Top of Provided material

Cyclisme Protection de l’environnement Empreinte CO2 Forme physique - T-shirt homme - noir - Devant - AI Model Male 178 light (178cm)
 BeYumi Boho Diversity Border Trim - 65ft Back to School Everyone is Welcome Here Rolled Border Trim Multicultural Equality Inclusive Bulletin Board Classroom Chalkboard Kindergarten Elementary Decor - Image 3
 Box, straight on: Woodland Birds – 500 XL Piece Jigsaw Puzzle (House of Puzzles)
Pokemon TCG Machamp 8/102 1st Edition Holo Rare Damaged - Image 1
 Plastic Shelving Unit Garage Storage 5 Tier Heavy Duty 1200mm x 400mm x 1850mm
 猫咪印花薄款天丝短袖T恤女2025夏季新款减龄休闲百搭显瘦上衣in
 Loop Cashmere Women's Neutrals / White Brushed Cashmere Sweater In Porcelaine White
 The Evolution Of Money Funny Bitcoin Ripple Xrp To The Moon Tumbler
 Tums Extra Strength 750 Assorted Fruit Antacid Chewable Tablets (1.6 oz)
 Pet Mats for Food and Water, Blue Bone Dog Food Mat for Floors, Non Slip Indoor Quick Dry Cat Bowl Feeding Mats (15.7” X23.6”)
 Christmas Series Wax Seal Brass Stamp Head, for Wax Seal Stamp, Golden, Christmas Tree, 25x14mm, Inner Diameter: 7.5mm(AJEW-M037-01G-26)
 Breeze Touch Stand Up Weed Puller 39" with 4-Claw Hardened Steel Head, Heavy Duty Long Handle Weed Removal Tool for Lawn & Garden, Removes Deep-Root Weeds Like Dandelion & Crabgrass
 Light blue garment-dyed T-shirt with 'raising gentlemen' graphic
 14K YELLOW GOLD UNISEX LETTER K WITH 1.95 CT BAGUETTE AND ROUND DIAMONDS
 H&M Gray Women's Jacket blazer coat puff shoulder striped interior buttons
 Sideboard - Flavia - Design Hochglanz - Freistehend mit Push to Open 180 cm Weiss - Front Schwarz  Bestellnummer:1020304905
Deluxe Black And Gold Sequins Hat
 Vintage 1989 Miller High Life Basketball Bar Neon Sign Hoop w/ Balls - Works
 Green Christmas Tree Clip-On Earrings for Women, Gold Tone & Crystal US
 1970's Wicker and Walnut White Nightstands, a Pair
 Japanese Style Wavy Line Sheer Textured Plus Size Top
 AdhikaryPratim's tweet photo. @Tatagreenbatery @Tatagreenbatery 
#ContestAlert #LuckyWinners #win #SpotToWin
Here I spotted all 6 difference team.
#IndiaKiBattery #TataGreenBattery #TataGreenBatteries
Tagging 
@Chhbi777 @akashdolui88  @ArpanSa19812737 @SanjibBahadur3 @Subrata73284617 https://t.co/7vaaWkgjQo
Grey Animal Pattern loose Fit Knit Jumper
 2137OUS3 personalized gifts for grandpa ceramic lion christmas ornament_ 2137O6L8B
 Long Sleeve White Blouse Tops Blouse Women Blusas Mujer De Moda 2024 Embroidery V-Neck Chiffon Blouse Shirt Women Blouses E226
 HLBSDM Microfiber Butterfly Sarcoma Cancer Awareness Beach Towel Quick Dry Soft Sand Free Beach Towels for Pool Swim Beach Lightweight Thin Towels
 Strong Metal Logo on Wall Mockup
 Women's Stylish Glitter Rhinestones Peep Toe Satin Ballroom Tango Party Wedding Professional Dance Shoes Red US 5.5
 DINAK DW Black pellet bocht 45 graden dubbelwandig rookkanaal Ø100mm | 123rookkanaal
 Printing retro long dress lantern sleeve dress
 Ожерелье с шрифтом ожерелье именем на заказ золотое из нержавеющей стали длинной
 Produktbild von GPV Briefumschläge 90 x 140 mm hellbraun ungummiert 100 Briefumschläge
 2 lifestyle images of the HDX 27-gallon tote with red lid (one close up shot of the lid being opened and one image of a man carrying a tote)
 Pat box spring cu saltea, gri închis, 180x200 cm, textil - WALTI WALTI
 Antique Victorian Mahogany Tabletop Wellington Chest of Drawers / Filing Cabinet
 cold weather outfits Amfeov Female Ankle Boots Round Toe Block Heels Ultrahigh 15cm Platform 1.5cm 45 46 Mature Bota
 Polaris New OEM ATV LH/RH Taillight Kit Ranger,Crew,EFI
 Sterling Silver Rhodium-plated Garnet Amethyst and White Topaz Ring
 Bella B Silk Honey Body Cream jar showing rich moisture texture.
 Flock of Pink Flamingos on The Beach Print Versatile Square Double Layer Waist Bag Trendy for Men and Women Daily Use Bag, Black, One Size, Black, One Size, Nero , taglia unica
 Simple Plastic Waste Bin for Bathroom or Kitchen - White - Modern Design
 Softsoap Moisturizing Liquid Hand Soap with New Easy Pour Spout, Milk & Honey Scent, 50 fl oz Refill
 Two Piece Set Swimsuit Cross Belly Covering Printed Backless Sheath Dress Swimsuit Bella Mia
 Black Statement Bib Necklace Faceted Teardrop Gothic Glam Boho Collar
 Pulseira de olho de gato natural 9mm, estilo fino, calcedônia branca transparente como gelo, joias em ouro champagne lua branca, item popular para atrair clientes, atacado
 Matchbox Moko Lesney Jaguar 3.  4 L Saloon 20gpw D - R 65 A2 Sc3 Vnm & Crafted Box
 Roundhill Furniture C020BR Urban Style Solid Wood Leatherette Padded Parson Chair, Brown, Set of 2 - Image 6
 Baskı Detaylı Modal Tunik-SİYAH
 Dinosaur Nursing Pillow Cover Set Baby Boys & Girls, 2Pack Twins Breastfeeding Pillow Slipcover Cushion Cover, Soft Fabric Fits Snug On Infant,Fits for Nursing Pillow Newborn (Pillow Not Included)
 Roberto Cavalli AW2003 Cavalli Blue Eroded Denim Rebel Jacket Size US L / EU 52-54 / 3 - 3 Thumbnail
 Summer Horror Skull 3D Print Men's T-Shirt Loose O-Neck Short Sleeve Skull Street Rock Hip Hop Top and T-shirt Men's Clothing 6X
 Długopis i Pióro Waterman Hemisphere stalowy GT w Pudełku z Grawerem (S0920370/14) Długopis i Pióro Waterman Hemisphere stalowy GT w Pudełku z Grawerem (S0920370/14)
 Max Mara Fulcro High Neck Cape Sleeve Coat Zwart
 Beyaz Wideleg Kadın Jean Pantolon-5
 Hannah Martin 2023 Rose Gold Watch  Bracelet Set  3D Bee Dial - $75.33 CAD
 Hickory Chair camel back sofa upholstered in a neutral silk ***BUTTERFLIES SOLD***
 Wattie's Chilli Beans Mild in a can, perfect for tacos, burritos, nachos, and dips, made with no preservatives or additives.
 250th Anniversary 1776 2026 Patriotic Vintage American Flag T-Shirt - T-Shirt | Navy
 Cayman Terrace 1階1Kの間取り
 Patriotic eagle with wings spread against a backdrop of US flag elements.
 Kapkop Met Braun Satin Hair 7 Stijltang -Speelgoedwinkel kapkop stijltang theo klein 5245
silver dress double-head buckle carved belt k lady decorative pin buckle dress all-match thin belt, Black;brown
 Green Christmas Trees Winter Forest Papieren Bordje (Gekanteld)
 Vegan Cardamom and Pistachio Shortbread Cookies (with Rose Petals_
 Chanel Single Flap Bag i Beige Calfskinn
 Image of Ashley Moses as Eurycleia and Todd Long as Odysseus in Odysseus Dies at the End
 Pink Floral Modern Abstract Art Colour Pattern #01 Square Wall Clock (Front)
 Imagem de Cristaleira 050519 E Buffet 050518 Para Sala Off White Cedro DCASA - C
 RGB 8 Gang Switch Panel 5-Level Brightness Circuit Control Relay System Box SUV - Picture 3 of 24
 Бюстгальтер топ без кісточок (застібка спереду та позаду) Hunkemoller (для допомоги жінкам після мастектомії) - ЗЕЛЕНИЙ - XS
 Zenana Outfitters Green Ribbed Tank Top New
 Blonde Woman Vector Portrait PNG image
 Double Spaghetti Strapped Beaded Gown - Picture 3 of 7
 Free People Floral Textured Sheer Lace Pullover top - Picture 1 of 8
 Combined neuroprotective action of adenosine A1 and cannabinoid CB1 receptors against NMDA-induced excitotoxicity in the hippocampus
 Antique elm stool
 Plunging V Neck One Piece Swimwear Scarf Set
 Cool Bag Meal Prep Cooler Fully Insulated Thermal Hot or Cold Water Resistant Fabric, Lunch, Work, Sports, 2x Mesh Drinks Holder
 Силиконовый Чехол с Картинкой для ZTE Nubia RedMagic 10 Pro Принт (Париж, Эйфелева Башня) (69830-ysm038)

Bottom of Provided material

Exercise –
From the line that has "Baskı Detaylı Modal Tunik-SİYAH" through the line that has "Wattie's Chilli Beans", copy every line exactly as it appears above, and leave out all others.

Exercise answer –
 Baskı Detaylı Modal Tunik-SİYAH
 Dinosaur Nursing Pillow Cover Set Baby Boys & Girls, 2Pack Twins Breastfeeding Pillow Slipcover Cushion Cover, Soft Fabric Fits Snug On Infant,Fits for Nursing Pillow Newborn (Pillow Not Included)
 Roberto Cavalli AW2003 Cavalli Blue Eroded Denim Rebel Jacket Size US L / EU 52-54 / 3 - 3 Thumbnail
 Summer Horror Skull 3D Print Men's T-Shirt Loose O-Neck Short Sleeve Skull Street Rock Hip Hop Top and T-shirt Men's Clothing 6X
 Długopis i Pióro Waterman Hemisphere stalowy GT w Pudełku z Grawerem (S0920370/14) Długopis i Pióro Waterman Hemisphere stalowy GT w Pudełku z Grawerem (S0920370/14)
 Max Mara Fulcro High Neck Cape Sleeve Coat Zwart
 Beyaz Wideleg Kadın Jean Pantolon-5
 Hannah Martin 2023 Rose Gold Watch  Bracelet Set  3D Bee Dial - $75.33 CAD
 Hickory Chair camel back sofa upholstered in a neutral silk ***BUTTERFLIES SOLD***
 Wattie's Chilli Beans Mild in a can, perfect for tacos, burritos, nachos, and dips, made with no preservatives or additives.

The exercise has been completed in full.